El cine es una fiesta: al cine argentino (y a la cultura argentina en general) le costó enfiestarse. Todo goce fue castigado con creces, cualquier placer se vuelve deuda y servidumbre futura. La nuestra es una cultura de la deuda: incluso en nuestros textos más arriesgados y provocadores, todo polvo se paga –con el cuerpo, con la vida, con un testimonio para el relato–. Acá no: acá terminamos en una fiesta, en una larga escena y en el polvo incesante de una de las protagonistas. En el viaje, en un desvío –no se llega a destino–, llegamos, sí, a casa: “esta es su casa”, dice la bella Sofía Gala, anfitriona. Y la casa es la fiesta. Esa fiesta de mujeres, la fiesta en femenino, es una forma que el arte le da a la política como cifra de futuro en el presente de la restauración conservadora. A la austeridad como norma –que siempre viene con su exceso: el de la violencia represiva– que nos quiere hacer creer que “la fiesta se acabó”, las hijas le contestan con la fiesta como multiplicación y contagio. Y allí el cine le da forma a la posibilidad de un nosotrxs cuyas fricciones y fuegos resuenan más allá de la pantalla, en un tiempo que Las hijas del fuego arrojan en el “aquí y ahora.”

 


[1] Significativamente, el viaje se organiza para buscar la herencia de un padre que una de las protagonistas reclama: el Torino que la madre quiere vender y que ella quiere salvar.

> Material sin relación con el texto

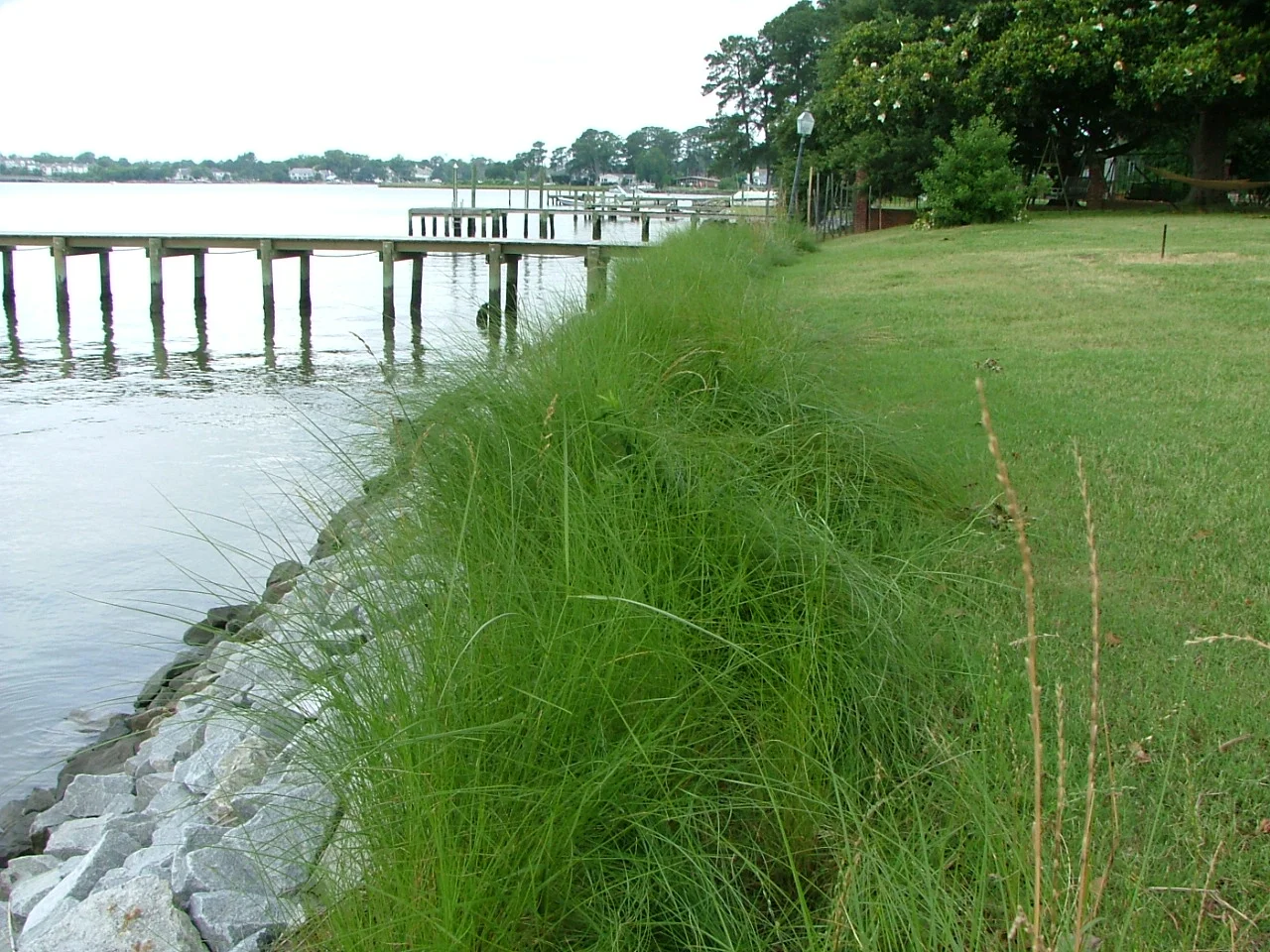 Shoreline Installations — Southern Branch Nursery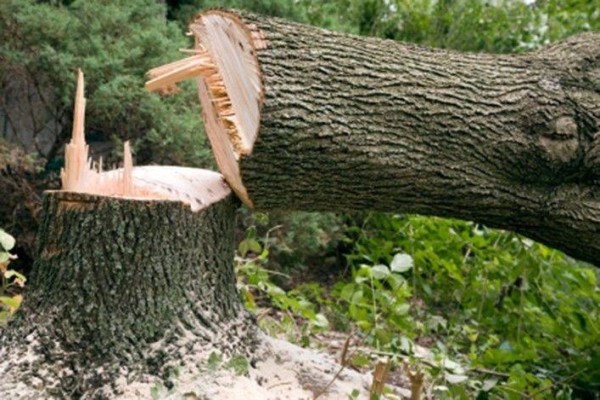 Meyerton Tree Fellers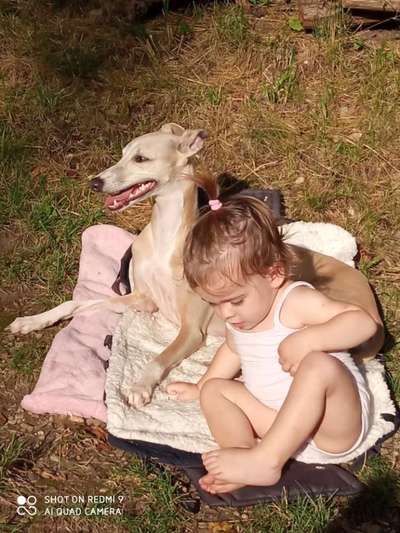 Windhunde - Treffen der besonderen Schönheiten
HERZLICH WILLKOMMEN-Beitrag-Bild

Pero entonces ahí también hay lugar para el padre, pero es el padre que ama a su auto, que lo “cura”, el circuito de afecto que la hija apropia y reconoce como propio.

[2] Paul B. Preciado habla de la función reguladora de la pornografía sobre el espacio público: hay espacio público, dice, allí donde la pornografía, sus cuerpos y miradas sexualizadas son segregados, ocultados, restringidos. Se institucionaliza la pornografía para poder evacuar eso del espacio público y contenerlo en la esfera de lo privatizado. Por eso mismo, allí reside la capacidad de contestación del porno: la de poner en juego las fronteras de lo público, de reinventar su composición, sus energías y su naturaleza. Ver Preciado, Paul B., “Museo, basura urbana y pornografía”.

[3] Y, al mismo tiempo reinventa los públicos del cine, su composición pero también la naturaleza de lo que pasa entre la pantalla y los cuerpos: ver porno con amigxs, con conocidxs y desconocidxs, fuera de los circuitos habituales de la pornografía, sea el vestigio resistente del cine porno, o la computadora o el celular como territorios privatizados.